The two studies demonstrated that dexamethasone has significant effect on reducing pain and the usage of injectable narcotics in lumbar disc surgery.[2021] Glasser reported that the effect of intravenous dexamethasone might be due to the preemptive effect on the nociceptor c fiber and suppression of the inflammation that results from intraoperative tissue trauma.[22] The authors reported that steroids have an analgesic effect in laparoscopic surgery.[23] Indeed, steroids have been used to reduce pain after laparoscopic and dental surgeries.[242526]

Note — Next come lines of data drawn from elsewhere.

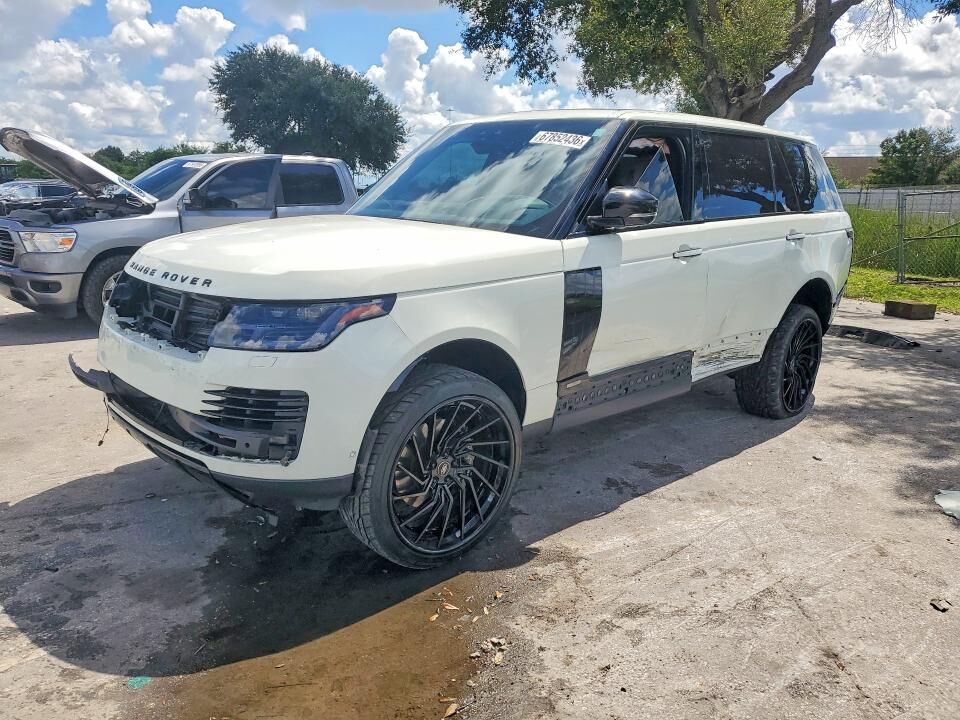 2021 LAND ROVER Range Rover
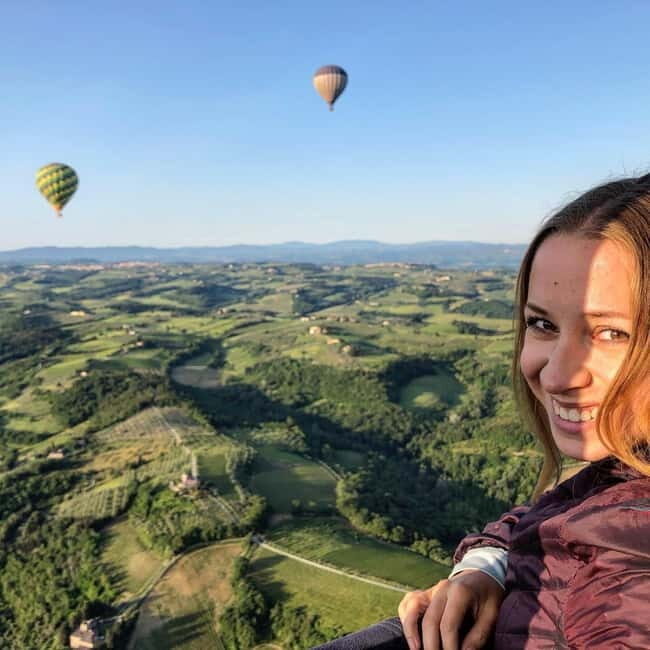 Siena: Balloon Flight Over Tuscany with a Glass of Wine - From Meeting Point to Basket: Pre-Flight Moments That Set the Tone
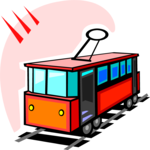 Cable Car 3 Clip Art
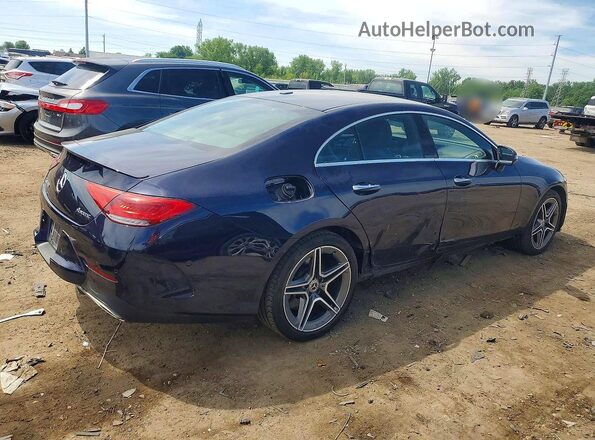 WDD2J5KB9LA049963 2020 MERCEDES-BENZ CLS-CLASS Blue უკანა მარჯვენა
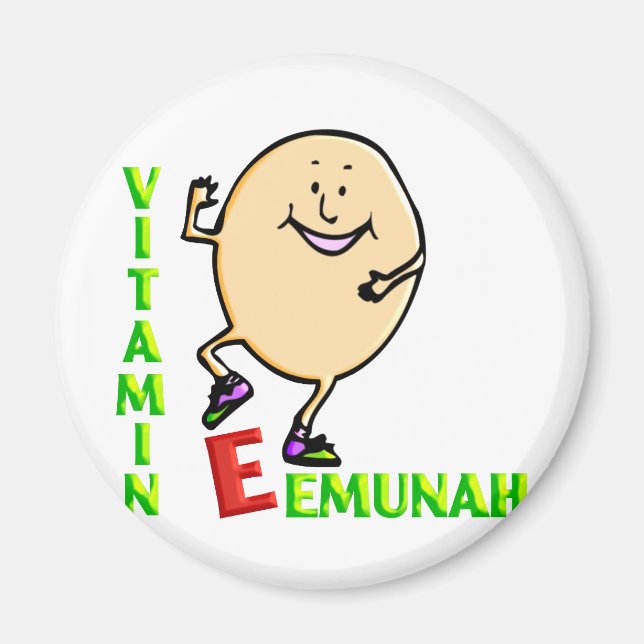 Vitamin E Magnet (Framsidan)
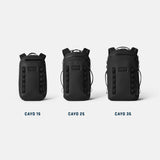 YETI Cayo Backpack 15L, Weather Resistant All-Day Utility Pack, Olive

Steroids have a powerful anti-inflammatory as well as analgesic property; however, the mechanism of analgesia induced by corticosteroid is not fully understood. Acute noxious stimulation of peripheral tissues leads to the sensitization of dorsal horn neurons of the spinal cord by the release of substances such as glutamate and aspartate. These amino acids activate N-methyl-D-Aspartate receptors, resulting in calcium ion influx, which leads to the activation of phospholipase A2, which converts membrane phospholipase to arachidonic acid. Corticosteroids are capable of reducing prostaglandin synthesis by the inhibition of phospholipase A2 through the production of calcium-dependent phospholipid-binding proteins called annexins and by the inhibition of cyclooxygenases during inflammation.[2728]

CONCLUSION

Intravenous administration of 8 mg dexamethasone was ineffective for prophylaxis of nausea, vomiting, and pruritus for patients receiving neuraxial meperidin in cesarean delivery. However, dexamethasone enhances postoperative analgesia compared with placebo.